What is being asked »
Reproduce only the lines from the line containing "2013 Chevrolet Volt" to the end of the entries below, including both of those lines.

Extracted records
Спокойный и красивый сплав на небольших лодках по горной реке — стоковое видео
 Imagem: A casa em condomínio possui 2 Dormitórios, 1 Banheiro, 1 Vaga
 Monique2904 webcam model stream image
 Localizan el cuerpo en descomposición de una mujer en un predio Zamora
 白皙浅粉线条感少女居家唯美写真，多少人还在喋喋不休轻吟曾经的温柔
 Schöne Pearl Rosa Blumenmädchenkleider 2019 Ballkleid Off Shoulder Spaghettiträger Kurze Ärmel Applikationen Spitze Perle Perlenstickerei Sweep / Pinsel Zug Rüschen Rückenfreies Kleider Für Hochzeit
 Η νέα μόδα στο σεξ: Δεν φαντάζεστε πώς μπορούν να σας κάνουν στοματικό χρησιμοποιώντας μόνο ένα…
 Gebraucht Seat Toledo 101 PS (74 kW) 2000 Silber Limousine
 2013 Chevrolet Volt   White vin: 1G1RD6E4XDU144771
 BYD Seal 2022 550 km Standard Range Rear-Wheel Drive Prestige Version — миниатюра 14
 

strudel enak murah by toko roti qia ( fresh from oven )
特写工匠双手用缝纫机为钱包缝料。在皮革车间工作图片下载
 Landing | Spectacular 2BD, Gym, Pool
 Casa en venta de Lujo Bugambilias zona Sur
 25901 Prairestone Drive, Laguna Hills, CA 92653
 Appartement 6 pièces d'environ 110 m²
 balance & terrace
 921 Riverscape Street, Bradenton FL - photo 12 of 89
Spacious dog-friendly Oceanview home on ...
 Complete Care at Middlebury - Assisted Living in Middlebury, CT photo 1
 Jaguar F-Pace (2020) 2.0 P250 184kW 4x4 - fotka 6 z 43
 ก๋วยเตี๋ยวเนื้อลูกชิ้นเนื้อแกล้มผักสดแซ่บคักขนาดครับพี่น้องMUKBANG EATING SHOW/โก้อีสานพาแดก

Solution for this exercise »
 2013 Chevrolet Volt   White vin: 1G1RD6E4XDU144771
 BYD Seal 2022 550 km Standard Range Rear-Wheel Drive Prestige Version — миниатюра 14
 

strudel enak murah by toko roti qia ( fresh from oven )
特写工匠双手用缝纫机为钱包缝料。在皮革车间工作图片下载
 Landing | Spectacular 2BD, Gym, Pool
 Casa en venta de Lujo Bugambilias zona Sur
 25901 Prairestone Drive, Laguna Hills, CA 92653
 Appartement 6 pièces d'environ 110 m²
 balance & terrace
 921 Riverscape Street, Bradenton FL - photo 12 of 89
Spacious dog-friendly Oceanview home on ...
 Complete Care at Middlebury - Assisted Living in Middlebury, CT photo 1
 Jaguar F-Pace (2020) 2.0 P250 184kW 4x4 - fotka 6 z 43
 ก๋วยเตี๋ยวเนื้อลูกชิ้นเนื้อแกล้มผักสดแซ่บคักขนาดครับพี่น้องMUKBANG EATING SHOW/โก้อีสานพาแดก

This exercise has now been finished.